Record extracts:

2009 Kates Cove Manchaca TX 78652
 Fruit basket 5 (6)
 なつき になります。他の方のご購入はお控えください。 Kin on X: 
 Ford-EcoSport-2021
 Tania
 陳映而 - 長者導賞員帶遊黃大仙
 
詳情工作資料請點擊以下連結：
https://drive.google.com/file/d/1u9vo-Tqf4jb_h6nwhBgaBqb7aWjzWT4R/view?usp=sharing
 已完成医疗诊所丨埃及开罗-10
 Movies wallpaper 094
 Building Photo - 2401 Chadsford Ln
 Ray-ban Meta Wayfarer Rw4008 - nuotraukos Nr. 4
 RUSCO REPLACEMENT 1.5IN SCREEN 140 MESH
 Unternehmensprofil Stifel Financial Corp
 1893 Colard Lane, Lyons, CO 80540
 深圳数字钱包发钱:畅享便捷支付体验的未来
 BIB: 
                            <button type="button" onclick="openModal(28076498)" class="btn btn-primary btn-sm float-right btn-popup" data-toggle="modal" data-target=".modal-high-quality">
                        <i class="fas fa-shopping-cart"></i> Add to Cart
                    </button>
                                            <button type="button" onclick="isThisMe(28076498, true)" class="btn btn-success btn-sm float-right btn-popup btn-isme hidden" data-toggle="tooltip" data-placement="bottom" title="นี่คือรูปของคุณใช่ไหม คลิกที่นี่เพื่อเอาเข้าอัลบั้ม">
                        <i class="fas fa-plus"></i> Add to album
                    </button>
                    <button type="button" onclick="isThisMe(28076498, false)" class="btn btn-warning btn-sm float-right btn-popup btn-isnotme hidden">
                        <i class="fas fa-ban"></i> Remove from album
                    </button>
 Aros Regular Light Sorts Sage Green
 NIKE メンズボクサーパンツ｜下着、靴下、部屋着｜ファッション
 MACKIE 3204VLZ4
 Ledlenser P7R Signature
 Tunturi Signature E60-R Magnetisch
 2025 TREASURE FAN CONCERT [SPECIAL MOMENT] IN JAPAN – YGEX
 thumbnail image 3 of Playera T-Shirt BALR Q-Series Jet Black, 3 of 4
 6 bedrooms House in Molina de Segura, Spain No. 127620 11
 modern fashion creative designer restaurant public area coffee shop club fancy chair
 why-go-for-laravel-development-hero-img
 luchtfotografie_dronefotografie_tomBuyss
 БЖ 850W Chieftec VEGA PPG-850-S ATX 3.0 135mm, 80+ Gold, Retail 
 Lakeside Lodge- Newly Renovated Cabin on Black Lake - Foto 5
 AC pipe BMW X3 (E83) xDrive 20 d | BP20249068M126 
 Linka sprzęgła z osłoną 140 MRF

Directions for this task: Transcribe the data above in full, keeping every word as it is.

Task result:
2009 Kates Cove Manchaca TX 78652
 Fruit basket 5 (6)
 なつき になります。他の方のご購入はお控えください。 Kin on X: 
 Ford-EcoSport-2021
 Tania
 陳映而 - 長者導賞員帶遊黃大仙
 
詳情工作資料請點擊以下連結：
https://drive.google.com/file/d/1u9vo-Tqf4jb_h6nwhBgaBqb7aWjzWT4R/view?usp=sharing
 已完成医疗诊所丨埃及开罗-10
 Movies wallpaper 094
 Building Photo - 2401 Chadsford Ln
 Ray-ban Meta Wayfarer Rw4008 - nuotraukos Nr. 4
 RUSCO REPLACEMENT 1.5IN SCREEN 140 MESH
 Unternehmensprofil Stifel Financial Corp
 1893 Colard Lane, Lyons, CO 80540
 深圳数字钱包发钱:畅享便捷支付体验的未来
 BIB: 
                            <button type="button" onclick="openModal(28076498)" class="btn btn-primary btn-sm float-right btn-popup" data-toggle="modal" data-target=".modal-high-quality">
                        <i class="fas fa-shopping-cart"></i> Add to Cart
                    </button>
                                            <button type="button" onclick="isThisMe(28076498, true)" class="btn btn-success btn-sm float-right btn-popup btn-isme hidden" data-toggle="tooltip" data-placement="bottom" title="นี่คือรูปของคุณใช่ไหม คลิกที่นี่เพื่อเอาเข้าอัลบั้ม">
                        <i class="fas fa-plus"></i> Add to album
                    </button>
                    <button type="button" onclick="isThisMe(28076498, false)" class="btn btn-warning btn-sm float-right btn-popup btn-isnotme hidden">
                        <i class="fas fa-ban"></i> Remove from album
                    </button>
 Aros Regular Light Sorts Sage Green
 NIKE メンズボクサーパンツ｜下着、靴下、部屋着｜ファッション
 MACKIE 3204VLZ4
 Ledlenser P7R Signature
 Tunturi Signature E60-R Magnetisch
 2025 TREASURE FAN CONCERT [SPECIAL MOMENT] IN JAPAN – YGEX
 thumbnail image 3 of Playera T-Shirt BALR Q-Series Jet Black, 3 of 4
 6 bedrooms House in Molina de Segura, Spain No. 127620 11
 modern fashion creative designer restaurant public area coffee shop club fancy chair
 why-go-for-laravel-development-hero-img
 luchtfotografie_dronefotografie_tomBuyss
 БЖ 850W Chieftec VEGA PPG-850-S ATX 3.0 135mm, 80+ Gold, Retail 
 Lakeside Lodge- Newly Renovated Cabin on Black Lake - Foto 5
 AC pipe BMW X3 (E83) xDrive 20 d | BP20249068M126 
 Linka sprzęgła z osłoną 140 MRF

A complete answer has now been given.